At first, “GP’s 10 commandments” didn’t ring a bell. Because this is fire season, I thought maybe the person had conflated Pinchot and firefighting and was confusing the commandments with the Ten Standard Fire Orders. After reviewing the note, we decided it wasn’t that. But given Pinchot’s strong religious convictions, his missionary zeal in leading the conservation crusade, and his willingness to martyr himself for the cause during the Ballinger controversy, such a list by that name didn’t seem out of the question. This is, after all, someone who began his memoir, Breaking New Ground, by calling his revered father, James, the “Father of Forestry in America,” claiming in quite a bit of hyperbole, “My Father’s foresight and tenacity were responsible, in the last analysis, for bringing Forestry to this continent.” In addition, he sprinkled fervent language throughout the memoir: “Being a convert to Forestry, I was eager to bear witness to the faith” being the best example.

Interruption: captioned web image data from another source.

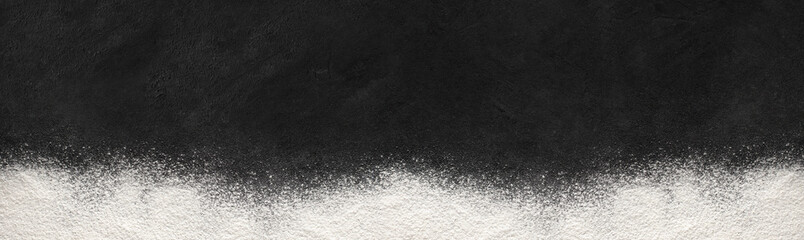 Baking background with flour banner on dark surface with space for text. Top view.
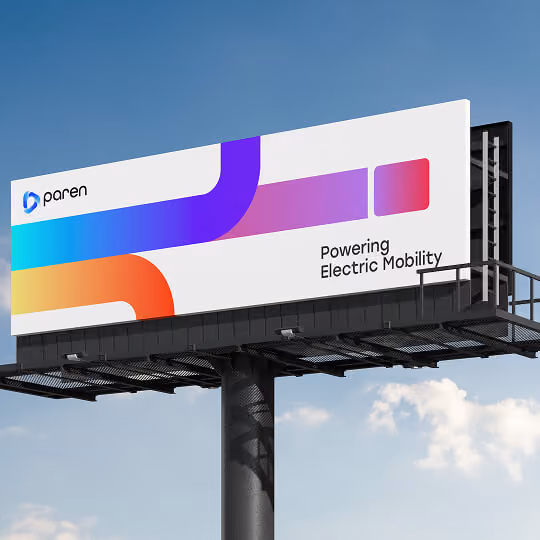 Color image of a large outdoor billboard with a modern gradient brand design and the text “Powering Electric Mobility.”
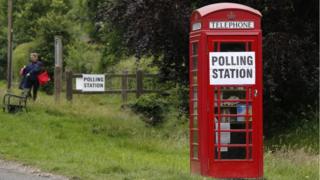A telephone booth with a polling station sign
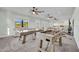 Bright game room includes foosball and air hockey tables, comfortable seating, and ample space for Gathering fun at 2072 Starboard Dr, Geneva, FL 32732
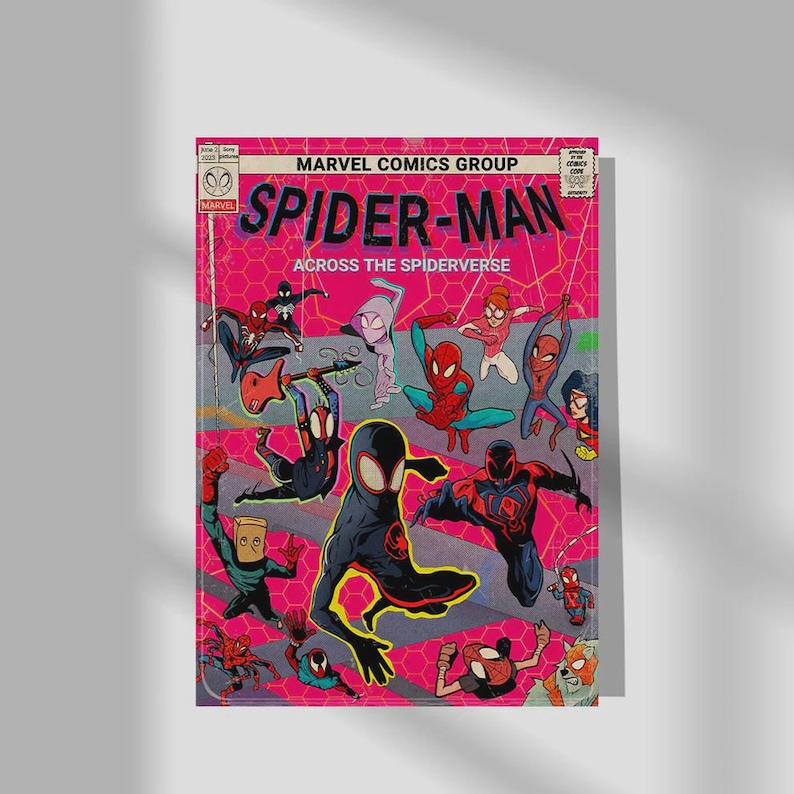 May include: A comic book cover for Spider-Man: Across the Spider-Verse. The cover features various Spider-Man characters in action poses against a pink background with the title and Marvel Comics Group logo.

Feeling puckish, I quickly responded to Eben with what I thought Gifford Pinchot’s Ten Commandments might have been. I can just picture Pinchot coming down the hill from Grey Towers with two tablets in his hands to speak to his green-clad followers and reading these aloud.

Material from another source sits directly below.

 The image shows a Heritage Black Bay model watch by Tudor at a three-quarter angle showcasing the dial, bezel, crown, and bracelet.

Pinchot’s Ten Commandments

  1. I am your Forester thy Chief.
  2. Remember the Transfer Date and keep it holy.
  3. Honor my Mother and my Father.
  4. Thou shalt always capitalize the phrases “National Forest” and “Forestry.”
  5. Thou shalt read daily from The Use Book (1905 edition only).
  6. Thou shalt prevent transfer of the Forest Service to the Interior Department.
  7. Thou shalt not alter the U.S. Forest Service name or shield.
  8. Thou shalt not take Theodore Roosevelt’s name in vain.
  9. Thou shalt not kill a tree before it has matured.
  10. Thou shalt not allow wildfires.
Pinchot with some of the faithful, aka, a timber marking group on the Yellowstone Forest Reserve in 1906.

Pinchot with some of the faithful, a.k.a., a timber marking group on the Yellowstone Forest Reserve in 1906. Pinchot is in the center, in white. He’s #7 in the lineup, but #1 in our hearts.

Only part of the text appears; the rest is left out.